Dataset extract: Begin

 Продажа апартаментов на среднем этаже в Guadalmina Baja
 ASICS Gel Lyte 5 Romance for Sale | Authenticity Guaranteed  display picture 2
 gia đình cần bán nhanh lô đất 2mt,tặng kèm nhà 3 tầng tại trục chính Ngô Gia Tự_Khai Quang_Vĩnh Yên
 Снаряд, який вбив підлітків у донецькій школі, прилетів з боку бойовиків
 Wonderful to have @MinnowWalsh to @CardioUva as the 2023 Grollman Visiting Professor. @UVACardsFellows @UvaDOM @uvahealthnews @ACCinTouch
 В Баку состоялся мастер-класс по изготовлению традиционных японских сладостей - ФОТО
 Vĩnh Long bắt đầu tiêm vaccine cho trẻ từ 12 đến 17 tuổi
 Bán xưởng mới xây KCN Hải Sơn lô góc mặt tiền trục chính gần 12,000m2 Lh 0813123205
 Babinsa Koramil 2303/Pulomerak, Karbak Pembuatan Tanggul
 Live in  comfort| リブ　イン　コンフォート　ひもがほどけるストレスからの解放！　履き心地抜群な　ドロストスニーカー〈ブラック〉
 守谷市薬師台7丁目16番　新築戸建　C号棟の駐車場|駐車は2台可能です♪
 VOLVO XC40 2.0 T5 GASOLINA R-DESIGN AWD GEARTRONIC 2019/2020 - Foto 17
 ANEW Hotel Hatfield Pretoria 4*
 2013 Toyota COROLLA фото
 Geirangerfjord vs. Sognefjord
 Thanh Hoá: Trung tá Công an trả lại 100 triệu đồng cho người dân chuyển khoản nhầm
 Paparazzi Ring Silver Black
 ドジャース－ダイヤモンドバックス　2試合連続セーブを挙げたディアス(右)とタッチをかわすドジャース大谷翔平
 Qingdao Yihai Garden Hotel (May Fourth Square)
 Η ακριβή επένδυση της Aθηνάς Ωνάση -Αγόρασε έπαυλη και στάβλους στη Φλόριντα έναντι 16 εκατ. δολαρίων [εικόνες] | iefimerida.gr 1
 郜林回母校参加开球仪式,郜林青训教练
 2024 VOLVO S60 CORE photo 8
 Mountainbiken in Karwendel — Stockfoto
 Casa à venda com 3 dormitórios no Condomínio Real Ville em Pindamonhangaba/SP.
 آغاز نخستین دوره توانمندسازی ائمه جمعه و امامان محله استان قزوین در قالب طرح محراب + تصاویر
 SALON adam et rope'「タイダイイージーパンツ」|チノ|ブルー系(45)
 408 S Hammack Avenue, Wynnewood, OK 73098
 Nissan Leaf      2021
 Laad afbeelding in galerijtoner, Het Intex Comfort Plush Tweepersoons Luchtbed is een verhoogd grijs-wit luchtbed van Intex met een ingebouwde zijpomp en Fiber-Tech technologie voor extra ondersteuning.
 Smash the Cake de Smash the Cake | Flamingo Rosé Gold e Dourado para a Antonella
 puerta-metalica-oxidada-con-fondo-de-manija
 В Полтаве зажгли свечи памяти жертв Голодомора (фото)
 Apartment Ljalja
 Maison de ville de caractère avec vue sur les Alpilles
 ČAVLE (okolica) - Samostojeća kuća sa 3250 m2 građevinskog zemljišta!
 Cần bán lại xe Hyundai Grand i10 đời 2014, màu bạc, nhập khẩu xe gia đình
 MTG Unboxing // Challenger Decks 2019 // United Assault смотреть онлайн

Dataset extract: End

**Work item:** Gather from the data above every line with the string "đình".

**Final answer:**
 gia đình cần bán nhanh lô đất 2mt,tặng kèm nhà 3 tầng tại trục chính Ngô Gia Tự_Khai Quang_Vĩnh Yên
 Cần bán lại xe Hyundai Grand i10 đời 2014, màu bạc, nhập khẩu xe gia đình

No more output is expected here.